237. He remained POL’s main external legal adviser in civil matters to POL until 2019 during which period he played a substantial role in shaping POL’s strategy in relation to key responses to the emerging scandal (including the response to SSIR and the ICRMS). He was made a Partner in May 2016 (just weeks after proceedings in the GLO were issued), and thereafter had principal responsibility for the conduct of POL’s defence in the GLO, sitting on the Postmaster Litigation Steering Group (PLSG) and attending some meetings of the Board Subcommittee (established in early 2018). This was despite having no previous experience of group litigation. [Andy Parsons] in turn delegated a number of tasks to a colleague, Amy Prime (“APr”), including the instruction of [Brian Altman KC] in relation to the criminal appeals, and liaising with POL to provide background to the pleading in the GLO. At this time APr was less than one year PQE.
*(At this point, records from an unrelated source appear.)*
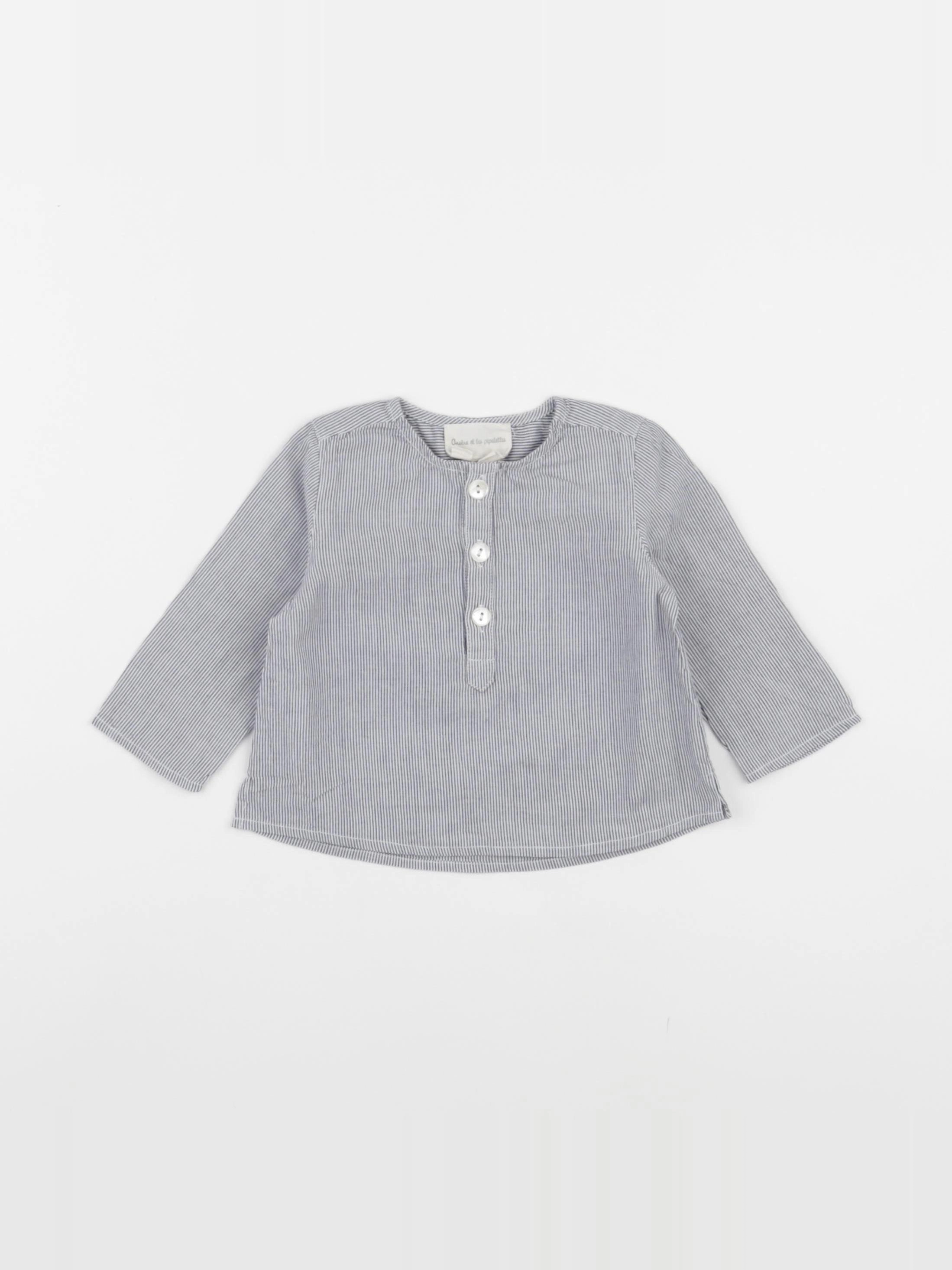 Arsène et les pipelettes - chemise bleu - 6 mois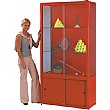 Shield Tower Display Cabinet With Cupboard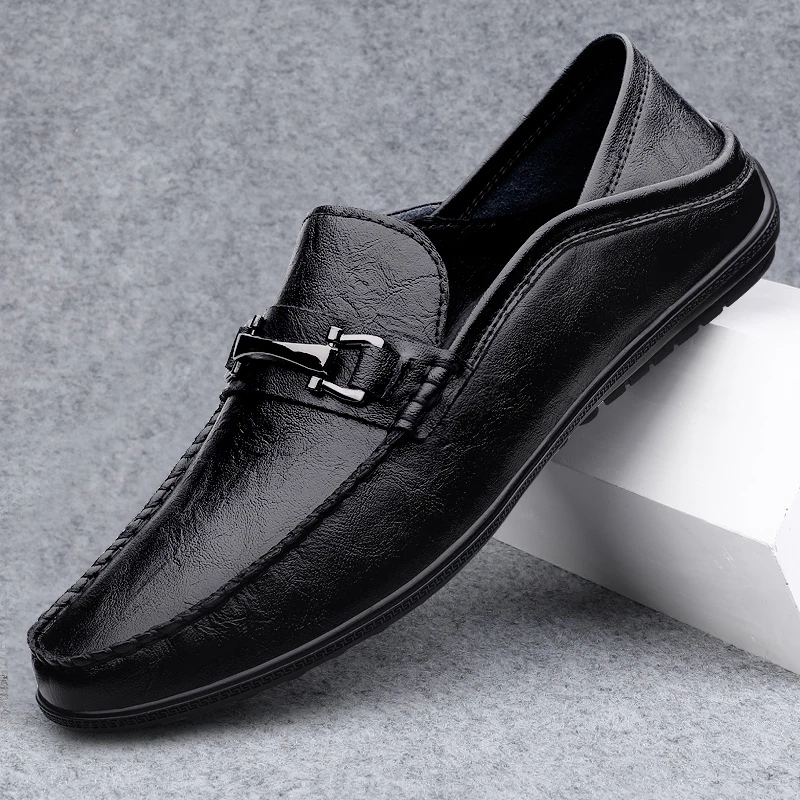 豆豆鞋男秋季新款时尚百搭软底透气手工皮鞋一脚蹬百搭轻便驾车鞋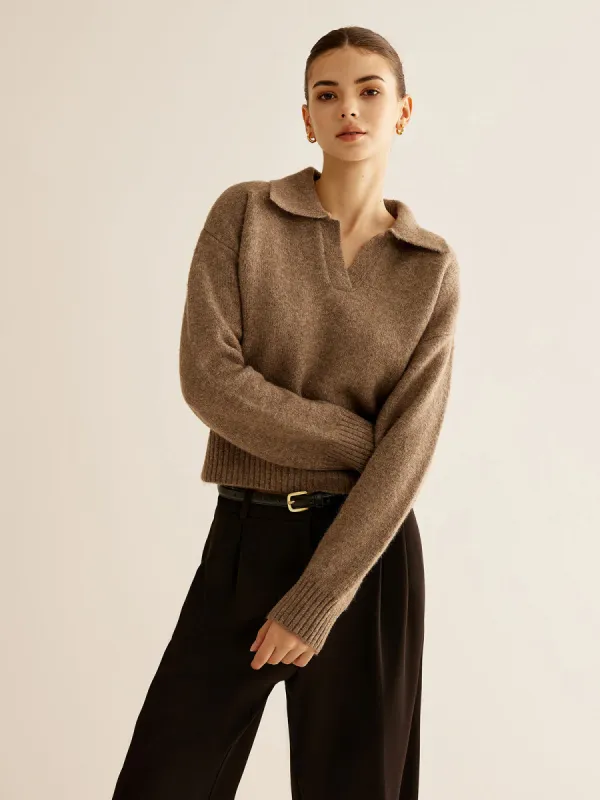 Wool-Blend Polo Sweater sold by COMMENSE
238. It was obviously a mistake for POL to rely on such an inexperienced legal adviser in APa, and, in turn, for him in turn to rely on such a junior colleague, in a matter of such significance to POL. Indeed, the absence of any tendering process for appointment as POL’s lawyers in the GLO, or even any evidence at its inception there was anything more than a cursory consideration of instructing another firm of solicitors (and in any event no consideration apparently given to instructing a more senior partner), was an obvious error. It is now clear (and ought to have been clear to POL at the time) that [Andy Parsons] had neither the experience nor the judgement to provide POL with the depth of advice that the GLO required. Moreover, his involvement from a very junior stage of his career appears to have led [Andy Parsons] to overidentify with his client in litigation and to lose his ability clearly to assess issues of disclosure, evidence, strategy and costs. As a result, POL was deprived of legal advice which was truly objective.

Well except for all the other lawyers involved for them, some in-house, and some at the Bar. They get mentions but usually, save for those who worked at Cartwright King, more muted ones.


* The Submission is littered with statements that might be knowing, lawyerly, understated admissions or signs that POL do not still get beyond the corporate reflex to defend or gloss the indefensible. It was hard sometimes to tell the difference and perhaps that is the point.